* _Assignment_
Restate word for word the lines from the one bearing "dior tulle stitching" through the end of the entries below, and leave every picture out.

::::

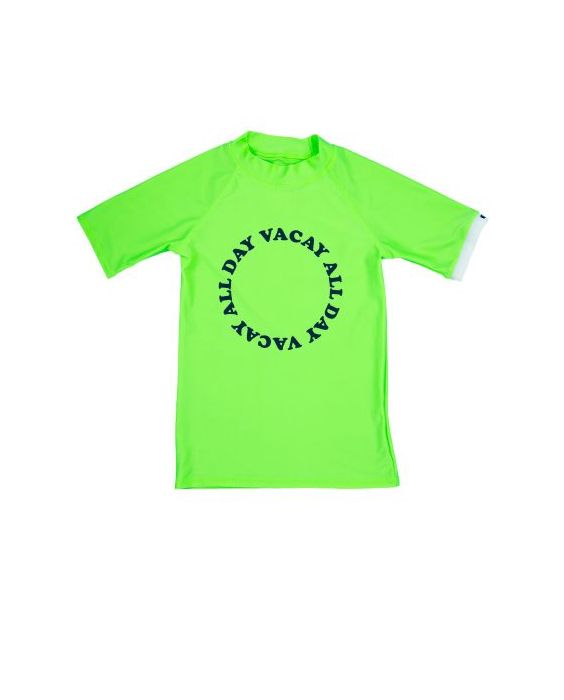 JUJA - UV-Zwemshirt met korte mouwen voor kinderen - High Visual - UPF50+ - Vacay all day - Neon lime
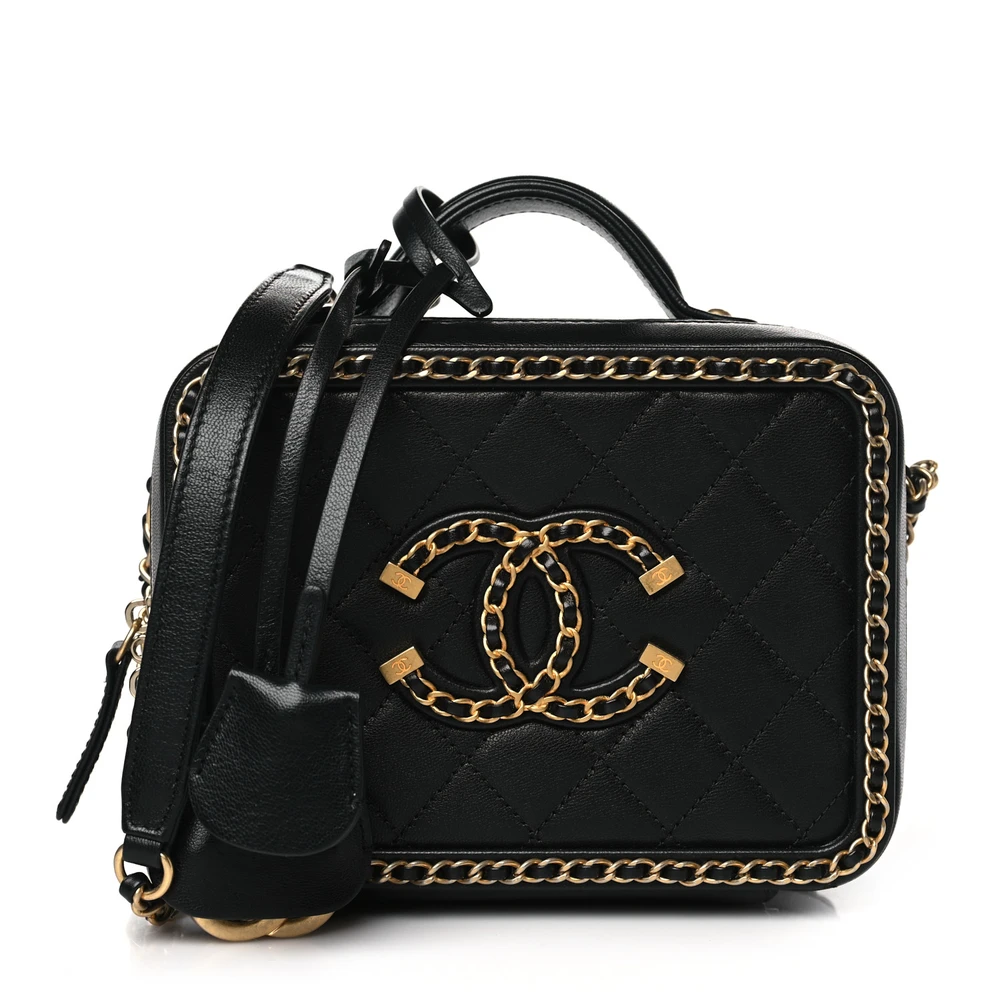 Lushentic Chanel CC Filigree Vanity Case Small Black Quilted Goatskin Leather Gold Hardware Front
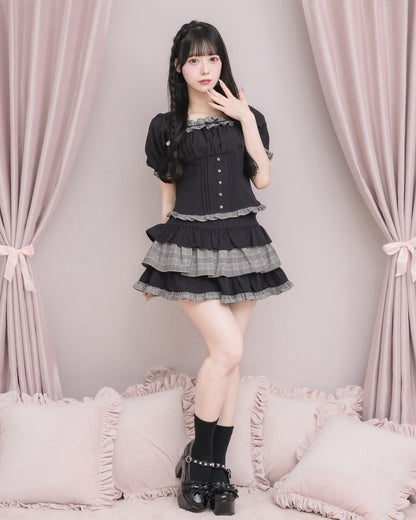 モデル身長：155cm/着用カラー：グレーチェック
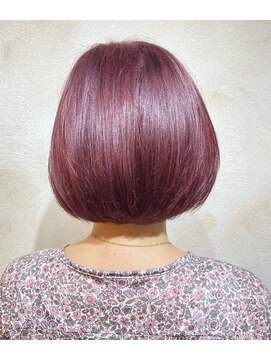 ヘアーリゾートガーデン 南林間店(Hair Resort Garden) チェリーブラウンの大人かわいい丸さボブ/エフラージュカット
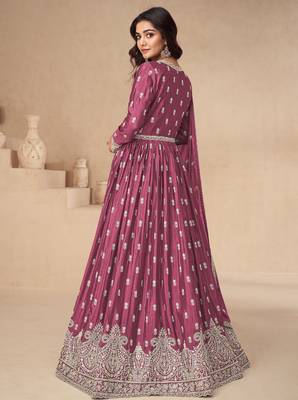Magenta chinon with sequin embroidery anarkali suit 2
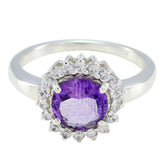 Amethyst Halo German 925 Silver Purple Gemstones Featherlight Romantic Ring Jewellery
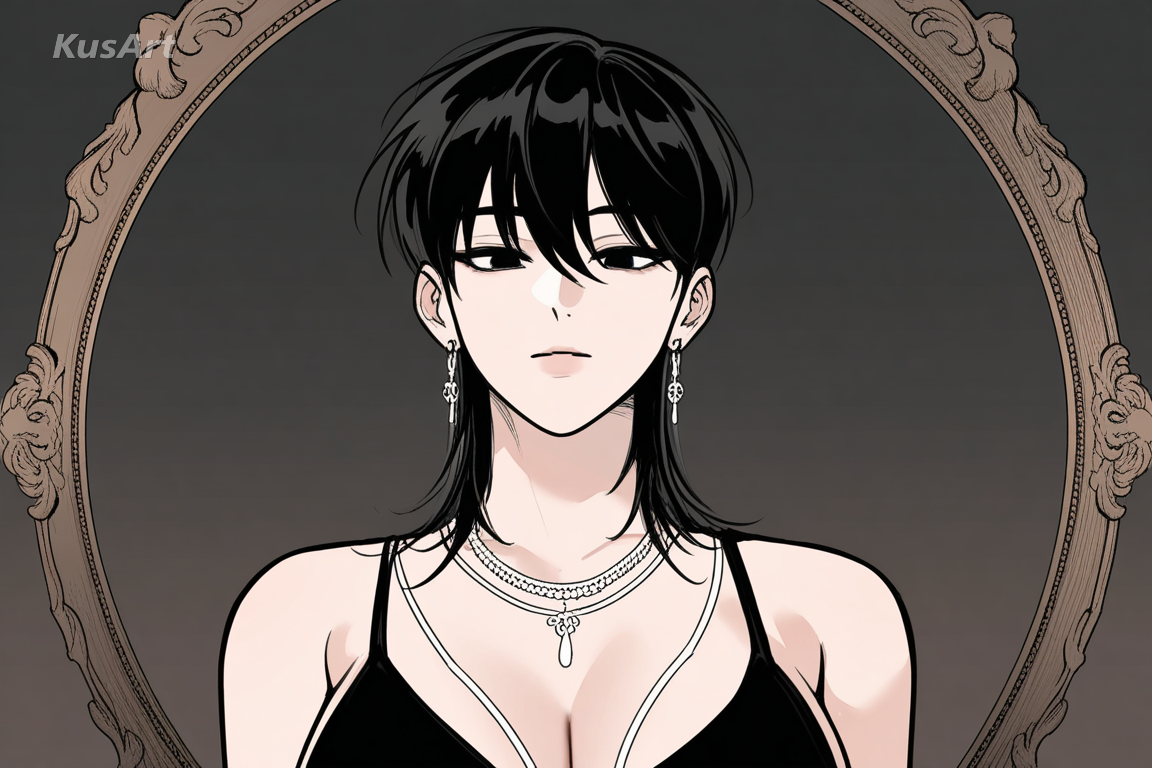 1girl, fashionable stylish outfit, glossy defined hair, charismatic manhwa character design, webtoon fashion, high quality, masterpiece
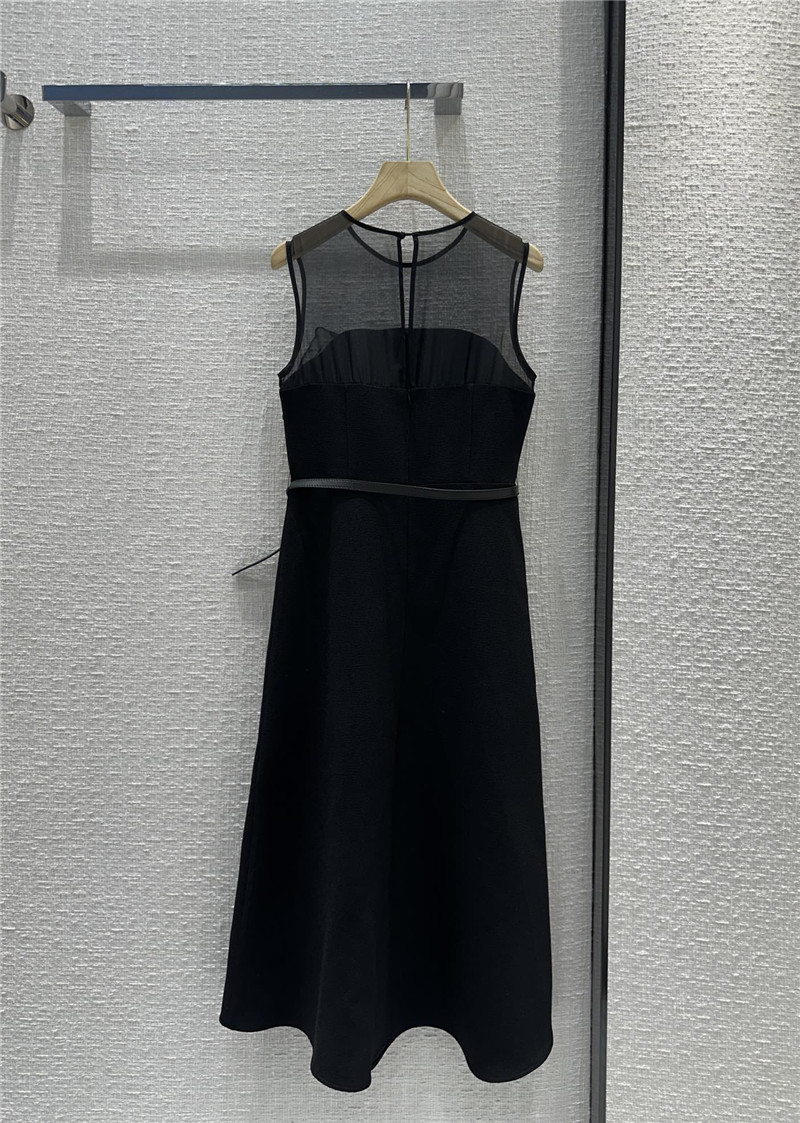 dior tulle stitching lace sleeveless long dress replica clothing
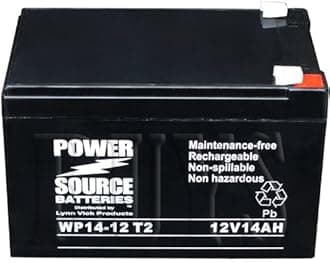 WP14-12 Sealed AGM 12 volt 14 ah Power Source Battery T2 .250 terminals replaces LC-RA1214PC1, LC-RA1215P1, LC-CA1215P1, SLA1102, RT12150, CBE14-12, CBE15-12, 6-DFM-15, 6-FM-14, SW12140, FM12140, GS12V14AH, BT15-12, EV12130, EV12140, Panasonic, Ritar, Sunnyway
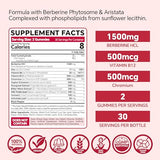VEETAGYO Berberine Supplement Gummies 1500mg,AMPK Activators with Chromium,Cinnamon,Plays a Role in The Breakdown of Glukose,The Synthesis of ATP,Faster Metabolism, Vegan,Sugar Free,120 Count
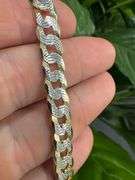 Gold Plated Sterling Silver 925 Pave 2-Tone 7.6mm Curb Chain Link Italy Necklace 24" inch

::::

* _Response area_
 dior tulle stitching lace sleeveless long dress replica clothing
 WP14-12 Sealed AGM 12 volt 14 ah Power Source Battery T2 .250 terminals replaces LC-RA1214PC1, LC-RA1215P1, LC-CA1215P1, SLA1102, RT12150, CBE14-12, CBE15-12, 6-DFM-15, 6-FM-14, SW12140, FM12140, GS12V14AH, BT15-12, EV12130, EV12140, Panasonic, Ritar, Sunnyway
VEETAGYO Berberine Supplement Gummies 1500mg,AMPK Activators with Chromium,Cinnamon,Plays a Role in The Breakdown of Glukose,The Synthesis of ATP,Faster Metabolism, Vegan,Sugar Free,120 Count
 Gold Plated Sterling Silver 925 Pave 2-Tone 7.6mm Curb Chain Link Italy Necklace 24" inch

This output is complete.